■ Work order
Your task is to copy the stretch of lines in the records below that begins with the line containing "7132 Xavier Way, Westminster, CO" and ends with the line containing "A hotel room", exactly as written, with nothing added.

━━ Entries shown

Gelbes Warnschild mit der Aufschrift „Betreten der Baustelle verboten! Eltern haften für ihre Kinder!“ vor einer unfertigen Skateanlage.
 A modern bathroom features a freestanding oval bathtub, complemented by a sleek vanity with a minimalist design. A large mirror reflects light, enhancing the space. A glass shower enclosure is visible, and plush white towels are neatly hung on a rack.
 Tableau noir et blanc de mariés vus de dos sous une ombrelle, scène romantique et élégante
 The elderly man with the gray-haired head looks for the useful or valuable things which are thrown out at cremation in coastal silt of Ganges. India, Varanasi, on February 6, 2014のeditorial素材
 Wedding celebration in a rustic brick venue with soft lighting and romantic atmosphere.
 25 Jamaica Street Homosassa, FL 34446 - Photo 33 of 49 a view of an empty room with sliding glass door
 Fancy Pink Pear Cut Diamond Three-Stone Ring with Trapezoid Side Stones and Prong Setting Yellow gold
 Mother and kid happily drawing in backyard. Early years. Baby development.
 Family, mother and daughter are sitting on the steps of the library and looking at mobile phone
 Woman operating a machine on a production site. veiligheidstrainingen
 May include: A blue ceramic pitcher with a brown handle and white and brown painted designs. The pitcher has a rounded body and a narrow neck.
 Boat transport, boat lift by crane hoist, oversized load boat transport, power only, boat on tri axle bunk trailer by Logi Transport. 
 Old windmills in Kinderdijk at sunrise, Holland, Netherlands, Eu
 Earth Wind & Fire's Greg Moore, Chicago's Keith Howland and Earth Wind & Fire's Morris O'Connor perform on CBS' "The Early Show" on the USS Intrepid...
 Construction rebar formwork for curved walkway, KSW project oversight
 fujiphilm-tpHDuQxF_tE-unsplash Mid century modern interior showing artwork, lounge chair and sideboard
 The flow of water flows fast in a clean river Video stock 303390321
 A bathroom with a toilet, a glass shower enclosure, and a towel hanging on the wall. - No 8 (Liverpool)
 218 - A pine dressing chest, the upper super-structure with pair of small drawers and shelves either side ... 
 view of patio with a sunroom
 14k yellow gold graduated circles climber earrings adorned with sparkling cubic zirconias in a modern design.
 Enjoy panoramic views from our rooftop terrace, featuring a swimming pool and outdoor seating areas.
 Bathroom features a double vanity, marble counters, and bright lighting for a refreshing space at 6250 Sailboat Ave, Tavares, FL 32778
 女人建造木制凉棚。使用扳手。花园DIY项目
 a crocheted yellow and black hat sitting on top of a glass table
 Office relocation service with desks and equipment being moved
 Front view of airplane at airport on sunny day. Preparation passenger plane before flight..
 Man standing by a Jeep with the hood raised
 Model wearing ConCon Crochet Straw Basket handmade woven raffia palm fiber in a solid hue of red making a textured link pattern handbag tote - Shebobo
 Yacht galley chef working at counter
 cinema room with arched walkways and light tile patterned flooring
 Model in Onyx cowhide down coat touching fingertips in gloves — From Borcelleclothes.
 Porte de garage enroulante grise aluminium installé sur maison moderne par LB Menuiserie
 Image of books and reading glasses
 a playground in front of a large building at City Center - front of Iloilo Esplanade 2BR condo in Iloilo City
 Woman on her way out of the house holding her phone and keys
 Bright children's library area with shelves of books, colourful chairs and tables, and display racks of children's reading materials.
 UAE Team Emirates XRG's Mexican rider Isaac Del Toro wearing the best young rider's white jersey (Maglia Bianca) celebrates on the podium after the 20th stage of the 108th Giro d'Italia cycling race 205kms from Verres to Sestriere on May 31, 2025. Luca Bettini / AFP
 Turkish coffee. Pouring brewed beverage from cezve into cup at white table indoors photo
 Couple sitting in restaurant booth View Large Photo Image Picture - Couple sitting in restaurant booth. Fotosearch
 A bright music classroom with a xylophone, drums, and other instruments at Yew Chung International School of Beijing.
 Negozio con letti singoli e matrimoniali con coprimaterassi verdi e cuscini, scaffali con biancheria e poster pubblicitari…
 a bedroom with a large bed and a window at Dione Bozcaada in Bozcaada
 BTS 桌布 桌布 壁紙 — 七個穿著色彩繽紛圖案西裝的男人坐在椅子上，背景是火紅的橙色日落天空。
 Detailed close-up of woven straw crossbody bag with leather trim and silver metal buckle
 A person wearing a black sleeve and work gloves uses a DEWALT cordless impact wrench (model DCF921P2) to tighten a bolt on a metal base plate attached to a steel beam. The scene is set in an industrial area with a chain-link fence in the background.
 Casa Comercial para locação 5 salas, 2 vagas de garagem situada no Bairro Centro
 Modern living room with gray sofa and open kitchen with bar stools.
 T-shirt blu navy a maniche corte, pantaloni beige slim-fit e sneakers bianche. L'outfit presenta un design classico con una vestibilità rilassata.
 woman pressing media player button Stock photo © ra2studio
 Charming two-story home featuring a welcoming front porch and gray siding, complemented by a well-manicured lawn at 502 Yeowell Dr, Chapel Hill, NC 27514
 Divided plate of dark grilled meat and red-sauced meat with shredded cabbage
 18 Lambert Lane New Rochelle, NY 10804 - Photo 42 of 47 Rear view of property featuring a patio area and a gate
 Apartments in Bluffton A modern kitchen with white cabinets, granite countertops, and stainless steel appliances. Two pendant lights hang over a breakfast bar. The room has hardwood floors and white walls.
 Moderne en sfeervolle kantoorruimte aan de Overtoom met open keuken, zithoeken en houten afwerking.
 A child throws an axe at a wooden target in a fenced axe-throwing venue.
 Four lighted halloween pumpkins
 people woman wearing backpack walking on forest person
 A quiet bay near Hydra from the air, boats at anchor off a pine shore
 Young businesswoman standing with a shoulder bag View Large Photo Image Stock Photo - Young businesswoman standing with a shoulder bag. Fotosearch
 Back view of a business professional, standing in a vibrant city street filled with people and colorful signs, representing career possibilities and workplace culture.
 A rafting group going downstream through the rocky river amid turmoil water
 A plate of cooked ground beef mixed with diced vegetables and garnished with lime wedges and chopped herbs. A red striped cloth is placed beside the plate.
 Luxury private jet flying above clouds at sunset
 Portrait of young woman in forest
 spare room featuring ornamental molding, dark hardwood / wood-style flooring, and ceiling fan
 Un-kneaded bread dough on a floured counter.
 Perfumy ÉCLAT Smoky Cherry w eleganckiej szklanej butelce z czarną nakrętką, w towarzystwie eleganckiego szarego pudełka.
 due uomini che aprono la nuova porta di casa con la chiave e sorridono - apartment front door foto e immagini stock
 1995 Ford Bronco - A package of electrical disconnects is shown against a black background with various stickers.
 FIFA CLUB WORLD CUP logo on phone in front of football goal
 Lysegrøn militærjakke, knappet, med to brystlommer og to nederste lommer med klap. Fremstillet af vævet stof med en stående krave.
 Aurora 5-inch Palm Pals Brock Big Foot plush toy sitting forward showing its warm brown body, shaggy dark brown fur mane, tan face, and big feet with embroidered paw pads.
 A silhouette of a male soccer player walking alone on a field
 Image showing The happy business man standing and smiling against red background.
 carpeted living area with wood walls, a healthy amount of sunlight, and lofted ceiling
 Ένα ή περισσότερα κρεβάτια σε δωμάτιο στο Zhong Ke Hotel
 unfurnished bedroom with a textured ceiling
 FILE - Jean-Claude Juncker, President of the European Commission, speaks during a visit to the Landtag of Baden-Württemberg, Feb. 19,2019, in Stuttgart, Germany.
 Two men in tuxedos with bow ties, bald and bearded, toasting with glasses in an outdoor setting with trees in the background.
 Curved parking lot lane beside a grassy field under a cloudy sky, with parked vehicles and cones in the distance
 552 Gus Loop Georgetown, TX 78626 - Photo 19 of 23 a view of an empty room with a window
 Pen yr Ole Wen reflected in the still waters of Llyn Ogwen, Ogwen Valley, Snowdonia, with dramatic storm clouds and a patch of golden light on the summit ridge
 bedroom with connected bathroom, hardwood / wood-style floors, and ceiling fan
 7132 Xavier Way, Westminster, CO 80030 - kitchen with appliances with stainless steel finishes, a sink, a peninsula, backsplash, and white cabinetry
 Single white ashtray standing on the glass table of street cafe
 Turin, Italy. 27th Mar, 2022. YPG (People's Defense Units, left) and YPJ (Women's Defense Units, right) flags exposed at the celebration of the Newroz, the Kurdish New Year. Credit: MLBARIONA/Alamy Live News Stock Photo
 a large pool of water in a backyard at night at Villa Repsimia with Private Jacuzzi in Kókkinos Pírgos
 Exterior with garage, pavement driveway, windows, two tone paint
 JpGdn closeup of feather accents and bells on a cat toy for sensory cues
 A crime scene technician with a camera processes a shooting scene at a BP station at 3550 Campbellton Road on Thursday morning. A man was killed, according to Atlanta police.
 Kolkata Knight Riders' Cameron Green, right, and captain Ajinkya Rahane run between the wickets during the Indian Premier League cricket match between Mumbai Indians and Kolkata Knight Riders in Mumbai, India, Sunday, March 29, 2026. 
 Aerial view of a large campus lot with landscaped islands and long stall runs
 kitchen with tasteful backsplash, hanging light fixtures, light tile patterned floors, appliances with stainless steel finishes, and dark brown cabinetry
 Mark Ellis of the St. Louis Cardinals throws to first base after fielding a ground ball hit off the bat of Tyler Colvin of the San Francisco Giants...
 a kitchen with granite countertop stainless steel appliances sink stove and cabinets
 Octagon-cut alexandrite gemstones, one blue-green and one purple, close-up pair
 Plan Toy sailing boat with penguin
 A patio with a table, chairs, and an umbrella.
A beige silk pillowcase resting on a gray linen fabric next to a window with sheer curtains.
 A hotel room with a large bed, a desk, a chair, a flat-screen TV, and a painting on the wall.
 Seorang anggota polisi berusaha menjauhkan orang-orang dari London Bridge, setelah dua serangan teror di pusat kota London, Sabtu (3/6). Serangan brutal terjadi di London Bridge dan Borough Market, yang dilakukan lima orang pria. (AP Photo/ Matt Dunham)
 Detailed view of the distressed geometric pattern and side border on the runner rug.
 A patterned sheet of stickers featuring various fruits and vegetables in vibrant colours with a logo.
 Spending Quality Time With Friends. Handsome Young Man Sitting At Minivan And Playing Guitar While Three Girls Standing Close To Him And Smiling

━━━━

■ Written answer
 7132 Xavier Way, Westminster, CO 80030 - kitchen with appliances with stainless steel finishes, a sink, a peninsula, backsplash, and white cabinetry
 Single white ashtray standing on the glass table of street cafe
 Turin, Italy. 27th Mar, 2022. YPG (People's Defense Units, left) and YPJ (Women's Defense Units, right) flags exposed at the celebration of the Newroz, the Kurdish New Year. Credit: MLBARIONA/Alamy Live News Stock Photo
 a large pool of water in a backyard at night at Villa Repsimia with Private Jacuzzi in Kókkinos Pírgos
 Exterior with garage, pavement driveway, windows, two tone paint
 JpGdn closeup of feather accents and bells on a cat toy for sensory cues
 A crime scene technician with a camera processes a shooting scene at a BP station at 3550 Campbellton Road on Thursday morning. A man was killed, according to Atlanta police.
 Kolkata Knight Riders' Cameron Green, right, and captain Ajinkya Rahane run between the wickets during the Indian Premier League cricket match between Mumbai Indians and Kolkata Knight Riders in Mumbai, India, Sunday, March 29, 2026. 
 Aerial view of a large campus lot with landscaped islands and long stall runs
 kitchen with tasteful backsplash, hanging light fixtures, light tile patterned floors, appliances with stainless steel finishes, and dark brown cabinetry
 Mark Ellis of the St. Louis Cardinals throws to first base after fielding a ground ball hit off the bat of Tyler Colvin of the San Francisco Giants...
 a kitchen with granite countertop stainless steel appliances sink stove and cabinets
 Octagon-cut alexandrite gemstones, one blue-green and one purple, close-up pair
 Plan Toy sailing boat with penguin
 A patio with a table, chairs, and an umbrella.
A beige silk pillowcase resting on a gray linen fabric next to a window with sheer curtains.
 A hotel room with a large bed, a desk, a chair, a flat-screen TV, and a painting on the wall.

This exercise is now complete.